### [What needs to be done]
The records below are to be reproduced word for word.

Records from a dataset
+-------+
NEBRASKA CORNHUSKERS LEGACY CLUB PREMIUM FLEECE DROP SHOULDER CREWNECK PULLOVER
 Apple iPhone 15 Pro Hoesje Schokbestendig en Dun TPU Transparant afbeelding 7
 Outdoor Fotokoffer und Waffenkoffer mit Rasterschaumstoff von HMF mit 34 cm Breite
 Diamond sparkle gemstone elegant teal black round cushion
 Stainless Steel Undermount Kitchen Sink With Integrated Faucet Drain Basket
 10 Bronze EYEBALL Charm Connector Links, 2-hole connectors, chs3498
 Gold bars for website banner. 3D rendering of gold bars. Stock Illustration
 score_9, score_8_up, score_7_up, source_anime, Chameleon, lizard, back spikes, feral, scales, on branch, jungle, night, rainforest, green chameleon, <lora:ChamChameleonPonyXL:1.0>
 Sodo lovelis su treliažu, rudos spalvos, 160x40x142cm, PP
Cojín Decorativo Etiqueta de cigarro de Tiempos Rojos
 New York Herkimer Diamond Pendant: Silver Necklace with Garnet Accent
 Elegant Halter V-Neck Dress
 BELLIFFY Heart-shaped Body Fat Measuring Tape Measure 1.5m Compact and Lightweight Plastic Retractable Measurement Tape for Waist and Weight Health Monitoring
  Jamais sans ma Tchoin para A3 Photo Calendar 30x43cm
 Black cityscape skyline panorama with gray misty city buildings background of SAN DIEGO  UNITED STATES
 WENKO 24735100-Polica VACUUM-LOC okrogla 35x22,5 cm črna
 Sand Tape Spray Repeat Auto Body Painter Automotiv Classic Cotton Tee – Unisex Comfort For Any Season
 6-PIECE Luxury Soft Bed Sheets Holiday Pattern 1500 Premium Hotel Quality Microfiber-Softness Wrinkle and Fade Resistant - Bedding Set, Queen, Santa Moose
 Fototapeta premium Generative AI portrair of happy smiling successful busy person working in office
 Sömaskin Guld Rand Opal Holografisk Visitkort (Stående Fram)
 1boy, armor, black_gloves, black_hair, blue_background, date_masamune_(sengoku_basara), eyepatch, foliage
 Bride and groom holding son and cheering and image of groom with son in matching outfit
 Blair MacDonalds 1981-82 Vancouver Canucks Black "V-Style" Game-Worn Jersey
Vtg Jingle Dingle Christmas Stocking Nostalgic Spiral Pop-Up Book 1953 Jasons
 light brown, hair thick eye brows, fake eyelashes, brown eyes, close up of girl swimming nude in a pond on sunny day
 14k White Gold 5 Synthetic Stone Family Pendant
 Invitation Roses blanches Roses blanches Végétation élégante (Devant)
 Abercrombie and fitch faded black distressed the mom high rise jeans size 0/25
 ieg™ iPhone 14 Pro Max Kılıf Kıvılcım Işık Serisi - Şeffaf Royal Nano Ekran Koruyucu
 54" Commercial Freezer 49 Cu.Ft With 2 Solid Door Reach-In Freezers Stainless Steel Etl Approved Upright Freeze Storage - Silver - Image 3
+-------+
### [Solution for this problem]
NEBRASKA CORNHUSKERS LEGACY CLUB PREMIUM FLEECE DROP SHOULDER CREWNECK PULLOVER
 Apple iPhone 15 Pro Hoesje Schokbestendig en Dun TPU Transparant afbeelding 7
 Outdoor Fotokoffer und Waffenkoffer mit Rasterschaumstoff von HMF mit 34 cm Breite
 Diamond sparkle gemstone elegant teal black round cushion
 Stainless Steel Undermount Kitchen Sink With Integrated Faucet Drain Basket
 10 Bronze EYEBALL Charm Connector Links, 2-hole connectors, chs3498
 Gold bars for website banner. 3D rendering of gold bars. Stock Illustration
 score_9, score_8_up, score_7_up, source_anime, Chameleon, lizard, back spikes, feral, scales, on branch, jungle, night, rainforest, green chameleon, <lora:ChamChameleonPonyXL:1.0>
 Sodo lovelis su treliažu, rudos spalvos, 160x40x142cm, PP
Cojín Decorativo Etiqueta de cigarro de Tiempos Rojos
 New York Herkimer Diamond Pendant: Silver Necklace with Garnet Accent
 Elegant Halter V-Neck Dress
 BELLIFFY Heart-shaped Body Fat Measuring Tape Measure 1.5m Compact and Lightweight Plastic Retractable Measurement Tape for Waist and Weight Health Monitoring
  Jamais sans ma Tchoin para A3 Photo Calendar 30x43cm
 Black cityscape skyline panorama with gray misty city buildings background of SAN DIEGO  UNITED STATES
 WENKO 24735100-Polica VACUUM-LOC okrogla 35x22,5 cm črna
 Sand Tape Spray Repeat Auto Body Painter Automotiv Classic Cotton Tee – Unisex Comfort For Any Season
 6-PIECE Luxury Soft Bed Sheets Holiday Pattern 1500 Premium Hotel Quality Microfiber-Softness Wrinkle and Fade Resistant - Bedding Set, Queen, Santa Moose
 Fototapeta premium Generative AI portrair of happy smiling successful busy person working in office
 Sömaskin Guld Rand Opal Holografisk Visitkort (Stående Fram)
 1boy, armor, black_gloves, black_hair, blue_background, date_masamune_(sengoku_basara), eyepatch, foliage
 Bride and groom holding son and cheering and image of groom with son in matching outfit
 Blair MacDonalds 1981-82 Vancouver Canucks Black "V-Style" Game-Worn Jersey
Vtg Jingle Dingle Christmas Stocking Nostalgic Spiral Pop-Up Book 1953 Jasons
 light brown, hair thick eye brows, fake eyelashes, brown eyes, close up of girl swimming nude in a pond on sunny day
 14k White Gold 5 Synthetic Stone Family Pendant
 Invitation Roses blanches Roses blanches Végétation élégante (Devant)
 Abercrombie and fitch faded black distressed the mom high rise jeans size 0/25
 ieg™ iPhone 14 Pro Max Kılıf Kıvılcım Işık Serisi - Şeffaf Royal Nano Ekran Koruyucu
 54" Commercial Freezer 49 Cu.Ft With 2 Solid Door Reach-In Freezers Stainless Steel Etl Approved Upright Freeze Storage - Silver - Image 3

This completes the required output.